Kuoni hat Edelweiss an Swiss verkauft, obwohl der frühere CEO Armin Meier immer behauptet hat, dass die hauseigene Edelweiss für das Massengeschäft von Kuoni eminent wichtig sei. Was ist passiert?

Henning Boysen: Wir haben immer gesagt, dass die Edelweiss Air nicht einfach Selbstzweck ist, sondern die Eigenbedürfnisse von Kuoni Schweiz abdecken muss. Der Airlinebereich ist ein dynamisches Umfeld. Es ist auch unsere Aufgabe, sich immer wieder Gedanken zu machen, wie man den Einsatz der Edelweiss Air langfristig optimal gestaltet. Unsere Strategie ist weiterhin klar: Wir wollen nicht Eigentümerin von Anlagen wie Flugzeugen und Hotels sein.
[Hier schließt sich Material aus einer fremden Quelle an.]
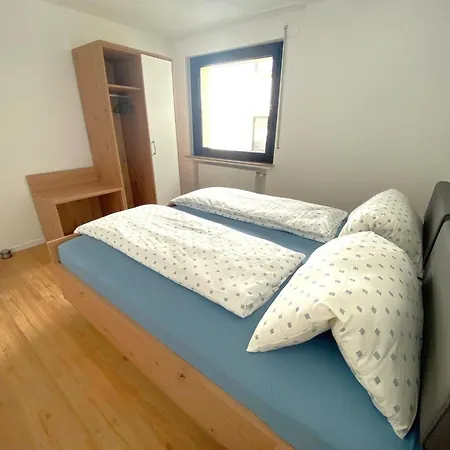 Spiegelkurve Apartamento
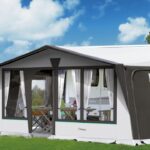 Caravana Moncayo 430: Una Claraboya que Ilumina tus Aventuras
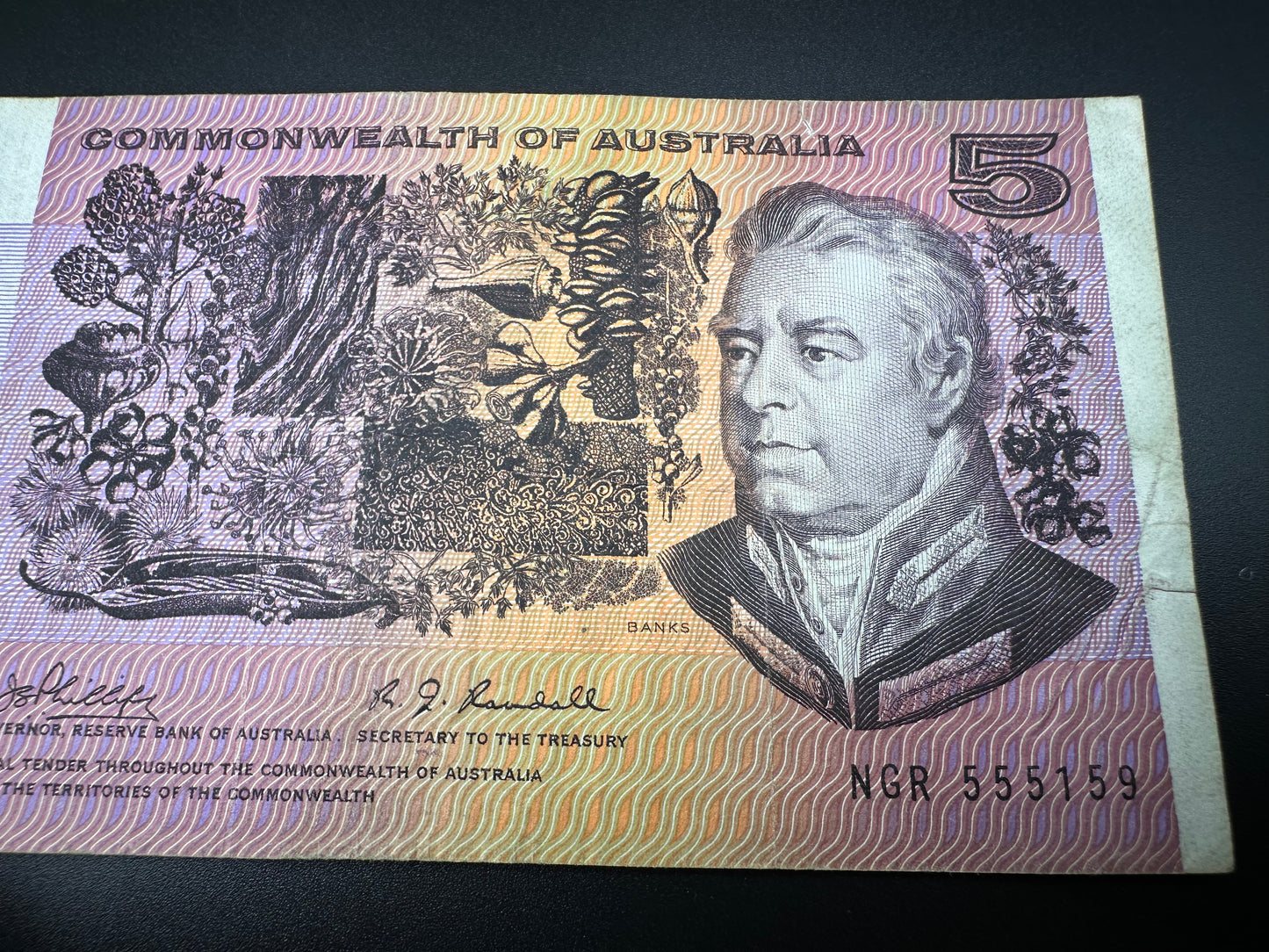 1969 $5 Australia Paper Banknote -  Phillips Randall NGR 555159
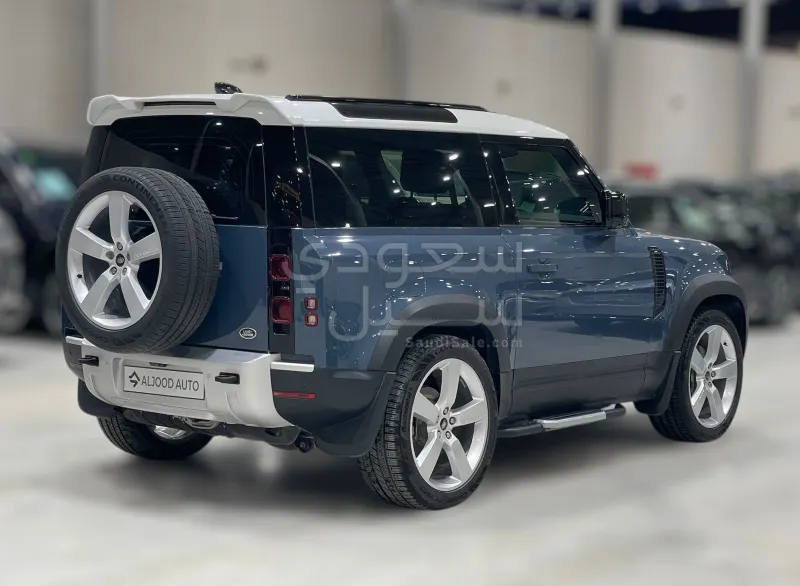 2022 لاند روفر ديفيندر اس اي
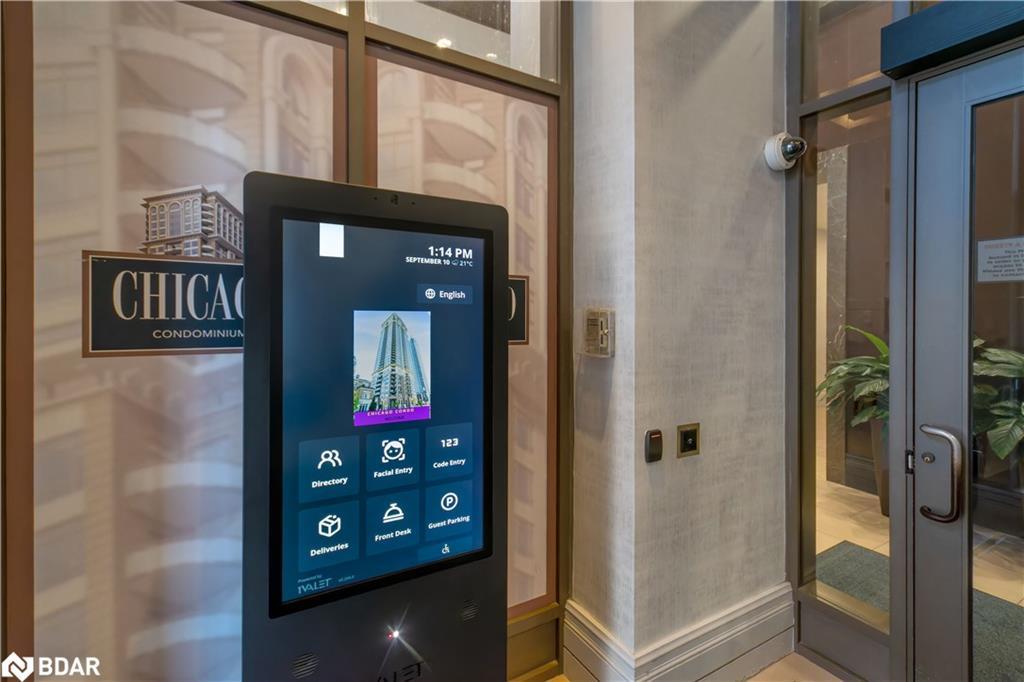 307-385 Prince Of Wales Drive, Mississauga, ON - Indoor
Welche finanziellen Auswirkungen wird der Verkauf für das Geschäft von Kuoni haben?

Boysen: Durch den Verkauf der drei Airbus 320 steht ein Kapital von 75 Mio Fr. zur Verfügung. In Zukunft werden wir zu kostengünstigen Konditionen Sitzplatzkontingente bei der Swiss einkaufen können.

Finanzinvestorin Richelieu Finance hat ihre Beteiligung von 11,9 auf 8,4% reduziert. Verlieren Sie einen treuen Investor?

Boysen: Richelieu hatte Rücknahmen in ihren Fonds zu verzeichnen und wurde deshalb gezwungen, Aktien aus dem Portefeuille zu verkaufen.

Haben Sie Kontakt zu Richelieu?

Boysen: Ja, wir haben Kontakt zu all unseren Grossinvestoren.

Wenn das Richelieu-Paket den Besitzer wechseln würde, würde ein Verkauf von Kuoni wahrscheinlicher?

Boysen: Das glaube ich nicht.

Hatten Sie in den vergangenen vier Monaten Kontakt zu potenziellen Käufern von Kuoni?

Boysen: Nein.

Man redet wieder von der Möglichkeit einer Rezession in den USA. Was hiesse das für Kuoni und die Reisebranche 2008?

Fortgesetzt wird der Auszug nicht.